初めての渡道は1974年9月のこと。上野から急行列車を乗り継ぎ青森に着いたのは前夜21時ころ。夜半の連絡船に乗り未明に函館に着くつもりでいたら、所謂ゴールデンルートのその便は混雑が予想されるので臨時便に乗れとのことだった。
そんな訳で函館の地を踏んだのは、夜中1時半。何もすることが出来ず、連絡船待合室で明るくなるのを待った。潮の香と魚の匂いの入り混じった空気、だっだ広い待合室のベンチ、煌々と灯る蛍光灯、自分同様に所在なさげな乗客がちらりほらり。
初めての北海道・函館の印象はこんなもので始まった。
駅前でスナップした市電の写真をめくってみると、812号があった。背後の歩道がアーケードになっていることも時代を感じさせます。

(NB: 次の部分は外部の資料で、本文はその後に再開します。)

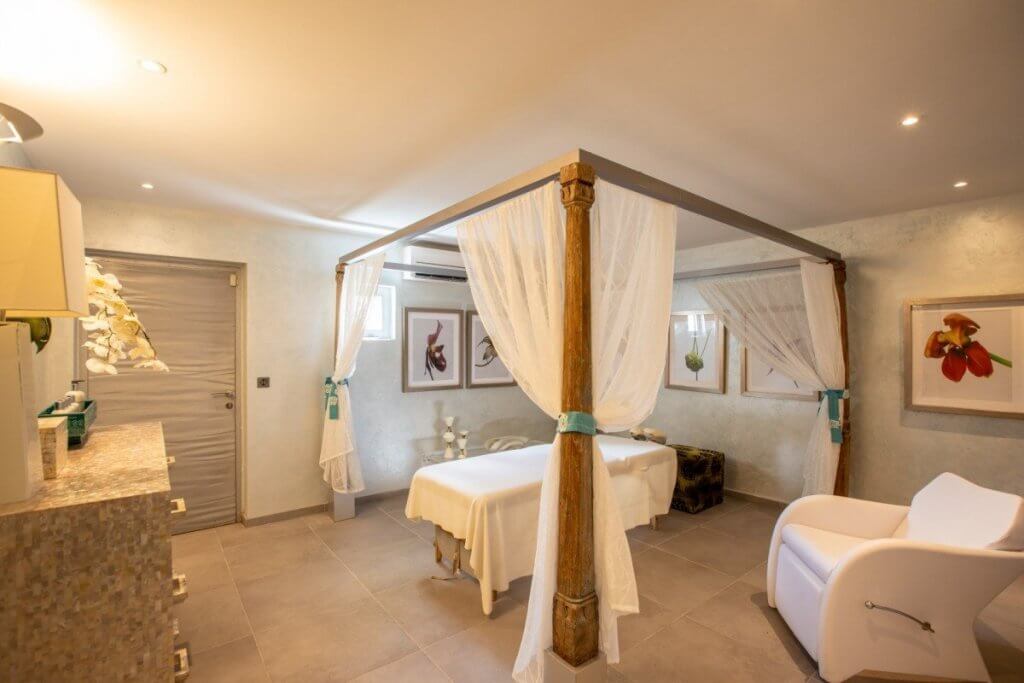 Le Reve St Martin villa spa room with canopy massage table, mosaic counter, and tranquil botanical décor.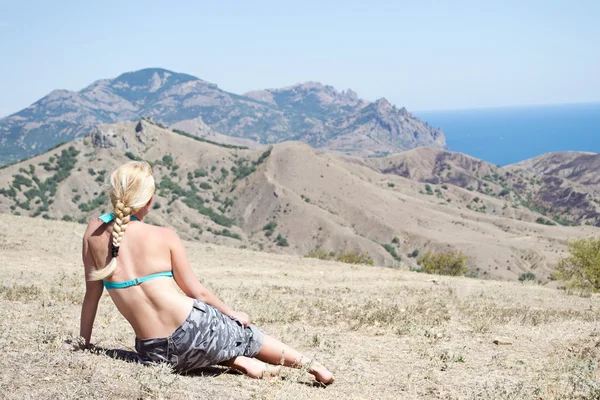Κορίτσι που κάθεται και κοιτάζοντας τη θάλασσα, τα βουνά — Φωτογραφία Αρχείου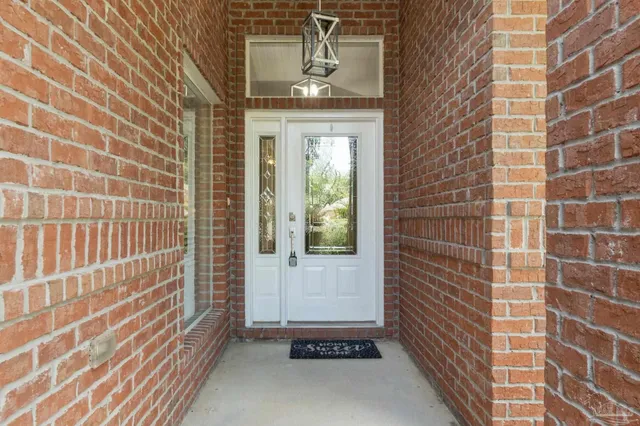 a view of a door and a window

ほんの少し場所を移したカット。渋い塗装の525号と当時あったガス会社方面行きの線路が見えており、敷石が綺麗に並んでいます。
当時は全ての車両がこの2種類の塗装だったと思うが、今はお宝の2両のみが当時を偲ばせているのである。その内の1両812号には46年前にも会っていたことが判り、感慨深いと同時にあの日の函館駅の印象が蘇って来ました。